Activity:
The reply should hold nothing except the lines from the one with "6 Pack Garden" through the end of the entries, duplicated exactly and with no pictures.

Content starts

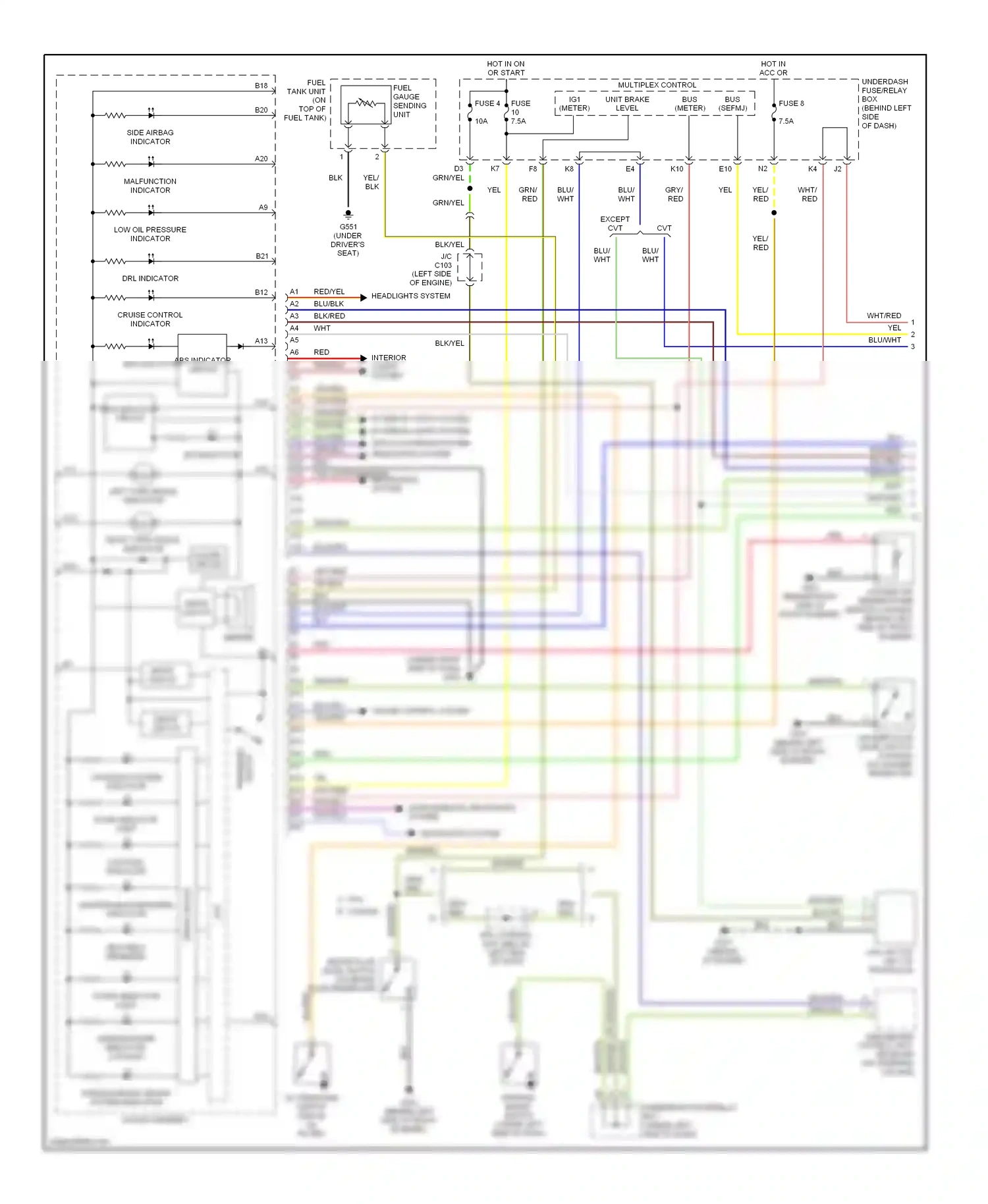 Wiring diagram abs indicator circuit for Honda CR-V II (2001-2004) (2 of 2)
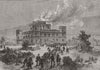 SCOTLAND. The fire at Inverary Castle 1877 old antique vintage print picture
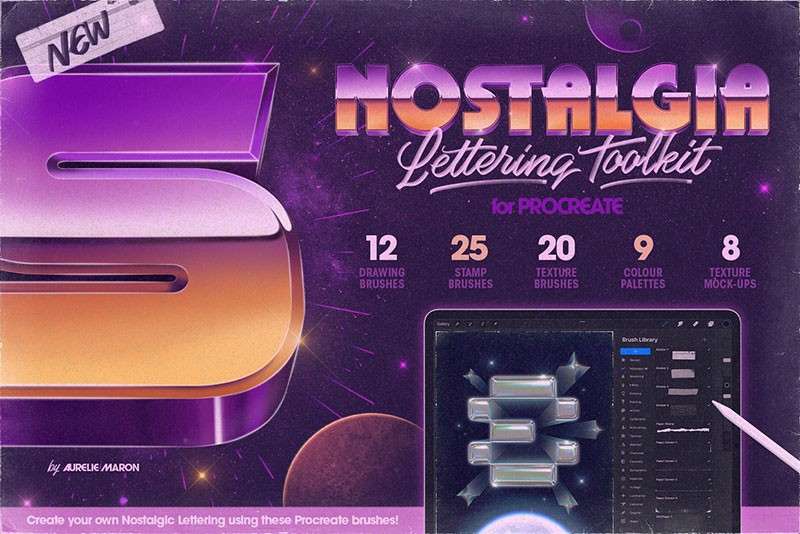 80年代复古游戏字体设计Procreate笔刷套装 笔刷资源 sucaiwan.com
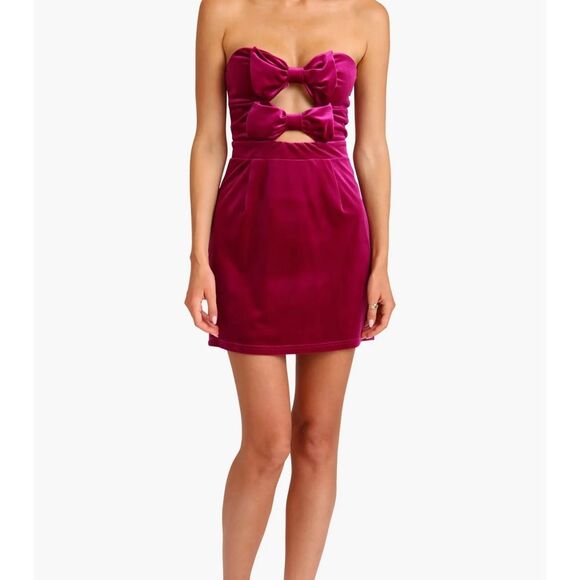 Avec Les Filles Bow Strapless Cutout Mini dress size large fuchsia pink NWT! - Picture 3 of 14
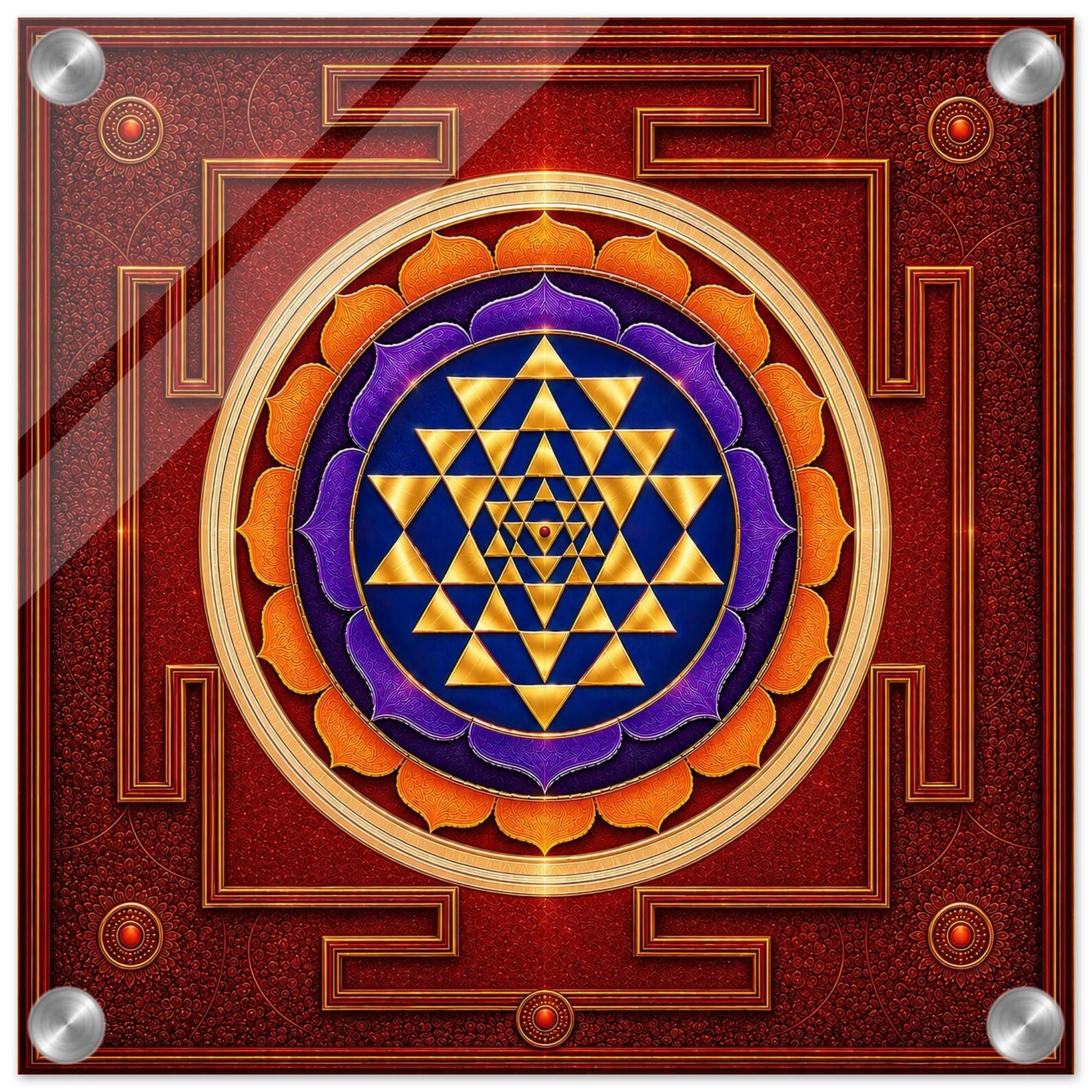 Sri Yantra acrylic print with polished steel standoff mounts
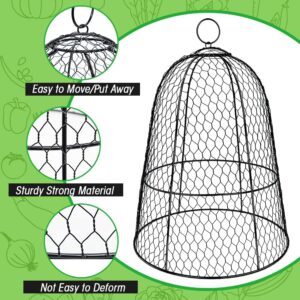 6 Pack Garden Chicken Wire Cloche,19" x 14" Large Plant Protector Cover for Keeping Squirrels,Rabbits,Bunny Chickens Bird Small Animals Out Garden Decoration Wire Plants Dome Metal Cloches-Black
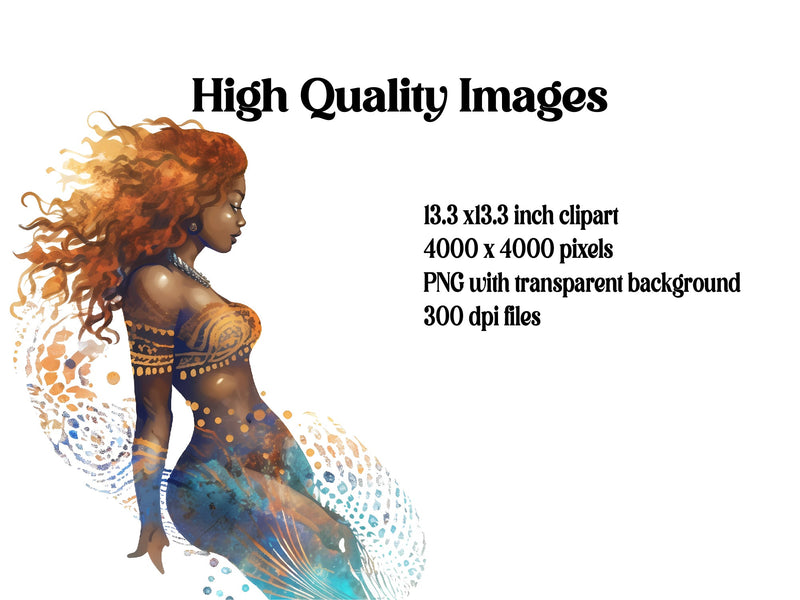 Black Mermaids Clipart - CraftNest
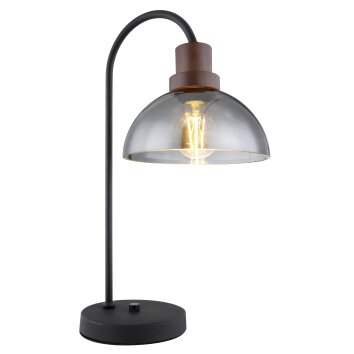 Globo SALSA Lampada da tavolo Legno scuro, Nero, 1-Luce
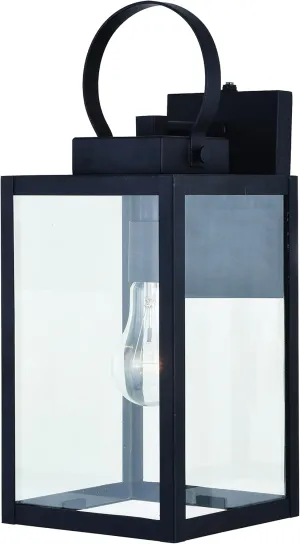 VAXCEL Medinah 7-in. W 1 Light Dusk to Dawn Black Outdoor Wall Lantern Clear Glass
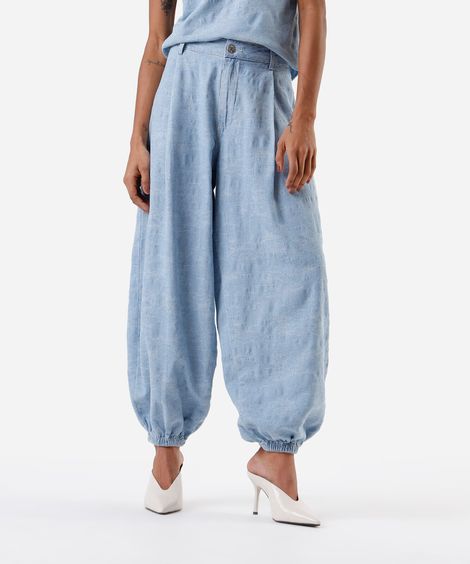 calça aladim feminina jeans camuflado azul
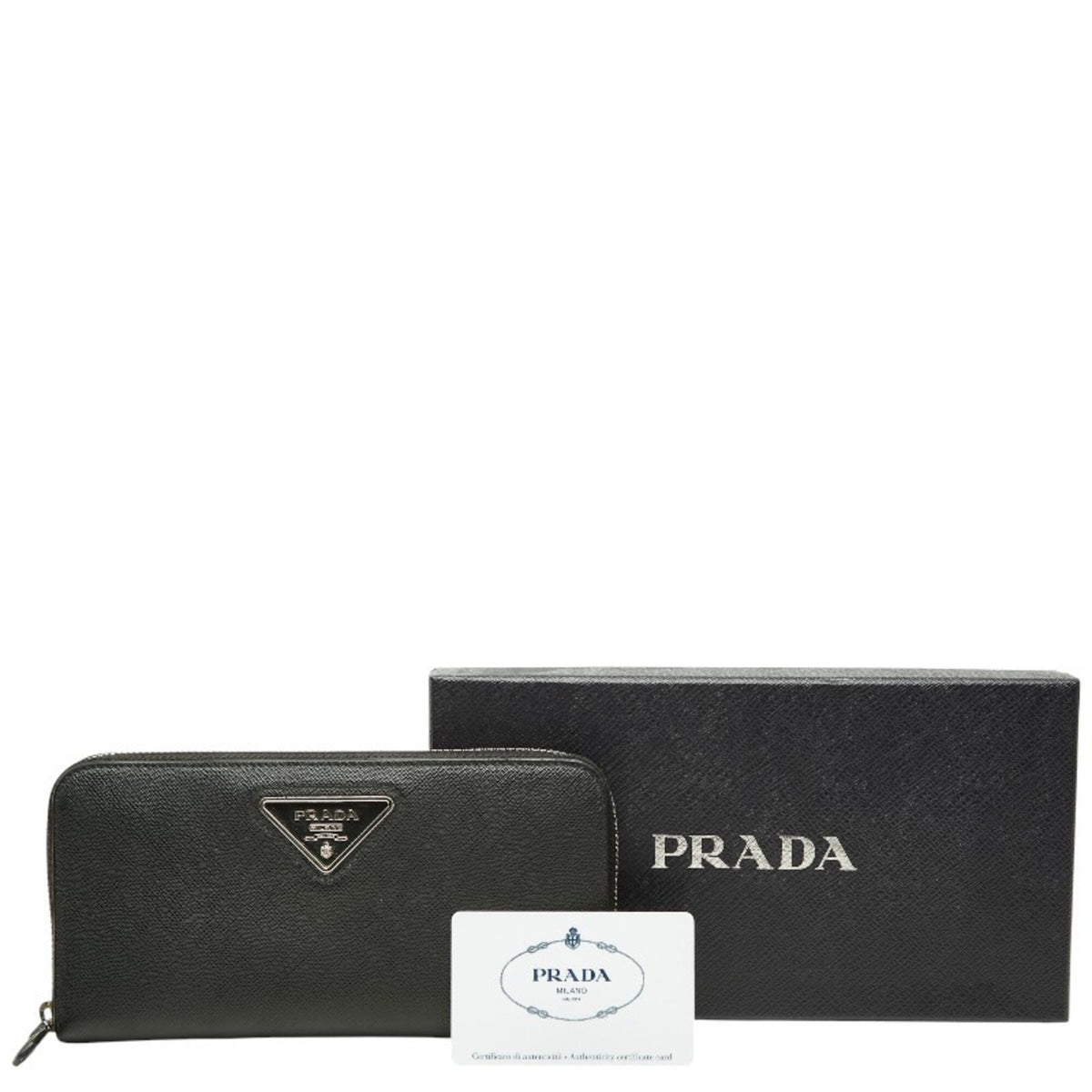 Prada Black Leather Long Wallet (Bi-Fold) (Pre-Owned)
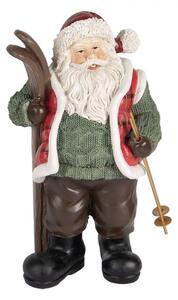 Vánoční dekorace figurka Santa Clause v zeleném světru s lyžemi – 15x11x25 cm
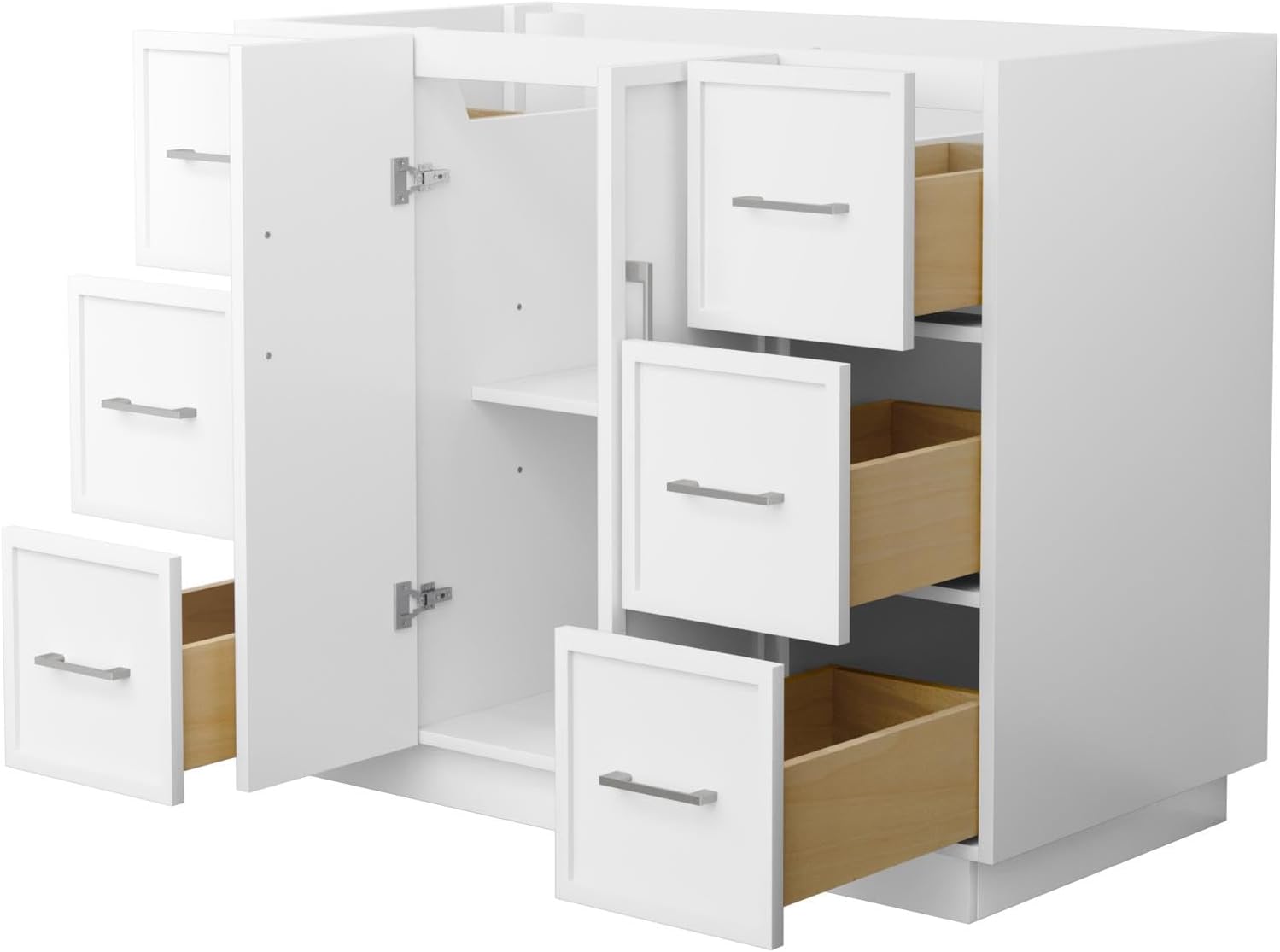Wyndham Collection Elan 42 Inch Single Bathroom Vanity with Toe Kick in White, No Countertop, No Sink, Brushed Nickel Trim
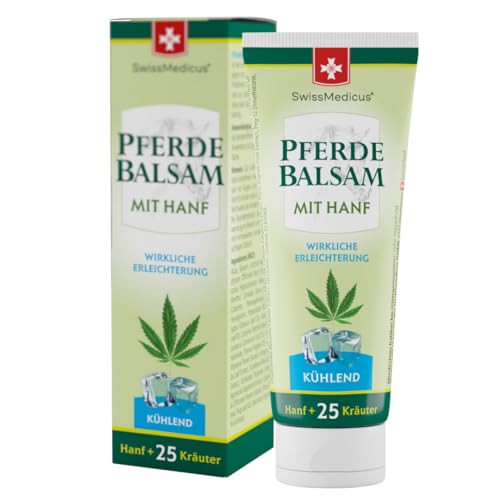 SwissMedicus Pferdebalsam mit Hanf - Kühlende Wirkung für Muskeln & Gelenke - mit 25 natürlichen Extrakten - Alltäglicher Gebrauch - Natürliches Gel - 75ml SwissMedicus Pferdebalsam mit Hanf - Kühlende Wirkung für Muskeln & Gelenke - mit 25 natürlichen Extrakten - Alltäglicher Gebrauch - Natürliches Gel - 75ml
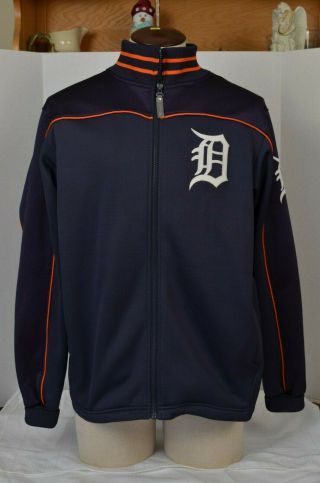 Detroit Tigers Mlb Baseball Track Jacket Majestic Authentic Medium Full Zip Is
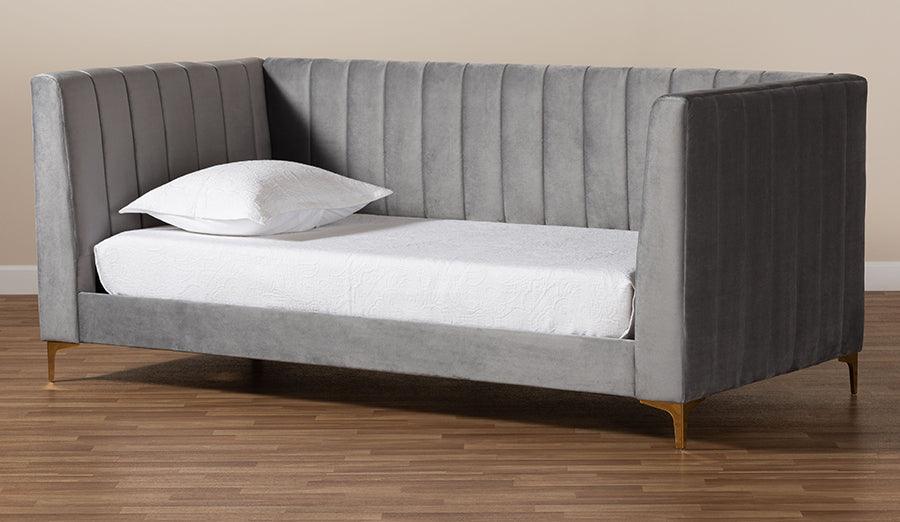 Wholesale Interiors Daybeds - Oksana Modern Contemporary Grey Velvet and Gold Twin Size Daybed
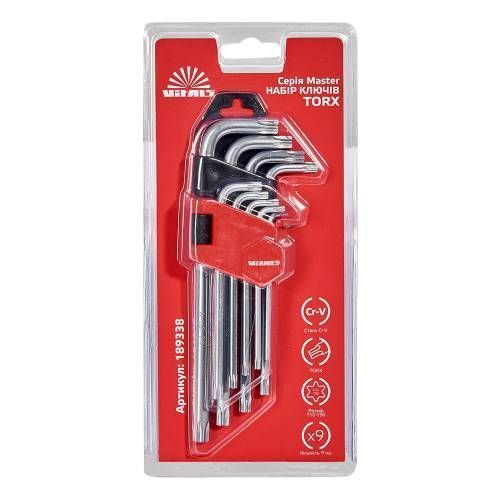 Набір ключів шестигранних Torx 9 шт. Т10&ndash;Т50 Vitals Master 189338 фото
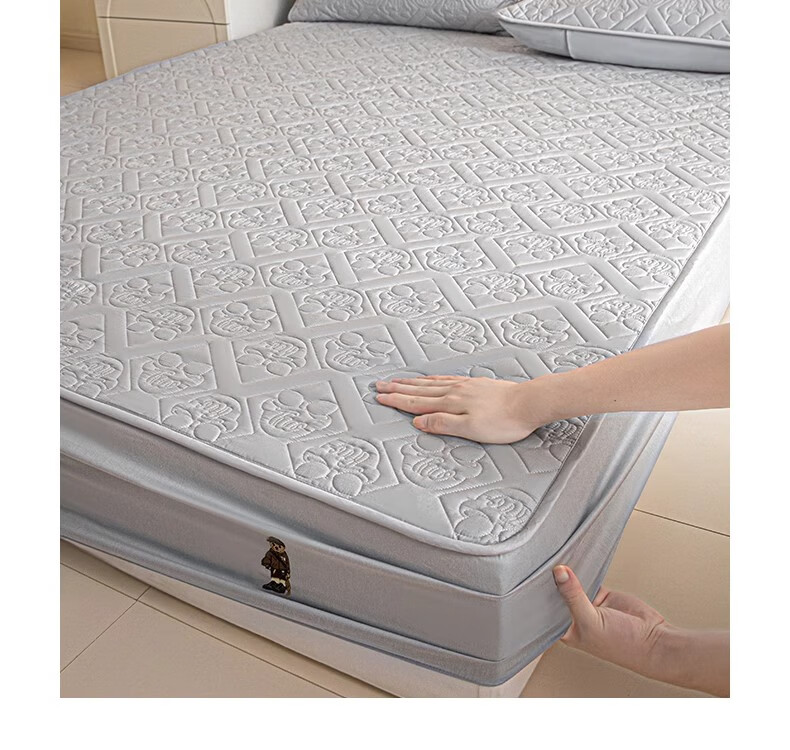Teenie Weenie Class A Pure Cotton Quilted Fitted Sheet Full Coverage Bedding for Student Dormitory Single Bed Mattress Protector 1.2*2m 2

Content ends

Task answer:
 6 Pack Garden Chicken Wire Cloche,19" x 14" Large Plant Protector Cover for Keeping Squirrels,Rabbits,Bunny Chickens Bird Small Animals Out Garden Decoration Wire Plants Dome Metal Cloches-Black
 Black Mermaids Clipart - CraftNest
 Globo SALSA Lampada da tavolo Legno scuro, Nero, 1-Luce
 VAXCEL Medinah 7-in. W 1 Light Dusk to Dawn Black Outdoor Wall Lantern Clear Glass
 calça aladim feminina jeans camuflado azul
 Prada Black Leather Long Wallet (Bi-Fold) (Pre-Owned)
 Vánoční dekorace figurka Santa Clause v zeleném světru s lyžemi – 15x11x25 cm
Wyndham Collection Elan 42 Inch Single Bathroom Vanity with Toe Kick in White, No Countertop, No Sink, Brushed Nickel Trim
 SwissMedicus Pferdebalsam mit Hanf - Kühlende Wirkung für Muskeln & Gelenke - mit 25 natürlichen Extrakten - Alltäglicher Gebrauch - Natürliches Gel - 75ml SwissMedicus Pferdebalsam mit Hanf - Kühlende Wirkung für Muskeln & Gelenke - mit 25 natürlichen Extrakten - Alltäglicher Gebrauch - Natürliches Gel - 75ml
 Detroit Tigers Mlb Baseball Track Jacket Majestic Authentic Medium Full Zip Is
 Wholesale Interiors Daybeds - Oksana Modern Contemporary Grey Velvet and Gold Twin Size Daybed
 Набір ключів шестигранних Torx 9 шт. Т10&ndash;Т50 Vitals Master 189338 фото
Teenie Weenie Class A Pure Cotton Quilted Fitted Sheet Full Coverage Bedding for Student Dormitory Single Bed Mattress Protector 1.2*2m 2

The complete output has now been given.